Engraved_art_work_at_Gallicantu_Peter's_Church

Doors from the Church of St. Peter Gallicantu, the site where tradition says Caiphas’ house stood. Source: By Anton 17 – Own work, CC BY-SA 3.0, https://commons.wikimedia.org/w/index.php?curid=28493336

 

 

 

 

Late last night, after all my family was asleep and I was restless and sleepless, I reread the passages from the gospels about when Jesus is taken. And I noticed something I had never noticed before: When Peter denies Jesus, he is denying women.

In that dark, liminal night between Maundy Thursday and Good Friday, Peter is put totally out of his reckoning. It begins in the upper room when Jesus tells Peter he will deny him. “Not so,” he says, “I’ll die first.” But then when Jesus asks him and the others to stay awake and just be present with him while he prays, Peter denies him that.
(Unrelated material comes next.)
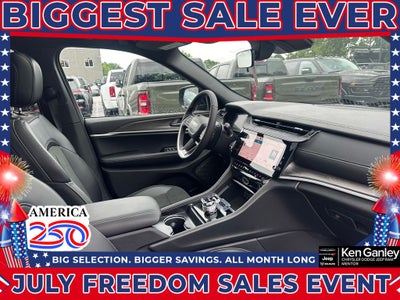 2026 Jeep Grand Cherokee GRAND CHEROKEE L LAREDO ALTITUDE 4X4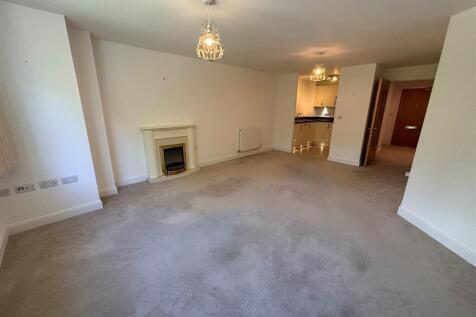 living room 1.jpg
Sleep overcomes Peter, and Jesus wakes him asking “what, could you not even stay awake with me one hour?” That must have stung. Maybe it was a desire to prove Jesus wrong, to keep the oath he made back in the upper room that he would die before denying Jesus, or a desire to justify himself or redeem himself after falling asleep that motivated Peter to take up his sword not long after that. But then Jesus rebukes him again. First he’s been rebuked for not being zealous enough to accompany Jesus in his agony, and now he’s been rebuked for being too zealous in his defense of Jesus. And on top of that, he sees his Lord and Messiah bound and taken as a captive. He is out of his reckoning. He has no idea what he should do.

So he follows Jesus at a distance and sneaks in to Caiaphas’ court. Unable to save him, but unable to leave him either, he goes along—not to do anything but just “to see the end,” as Matthew put it (Matthew 26:58). 

To see the end must be one of the most hopeless phrases in scripture. And in that moment of desperation, Peter is approached by two women. First, a “damsel,” a young girl, comes to him and says “you were with that Jesus they just had on trial in there.” But Peter denies her testimony “before them all, saying ‘I know not what thou sayest'” (Matthew 26:70). Or as Luke puts it: “Woman, I know him not.” Peter then goes outside and “another maid,” another woman, comes to him and says “this guy was with that Jesus, too.” He denies her testimony too, but this time “with an oath, I do not know the man” (Matthew 26:72). Then after a while, those that had seen this exchange came to him and said “look, we know you were one of them, because you talk like a Galilean.” Then he “began to curse and swear” and denied it a third time (Matthew 26:74). Then he remembered what Jesus had said and “wept bitterly” (Matthew 26:75). [1]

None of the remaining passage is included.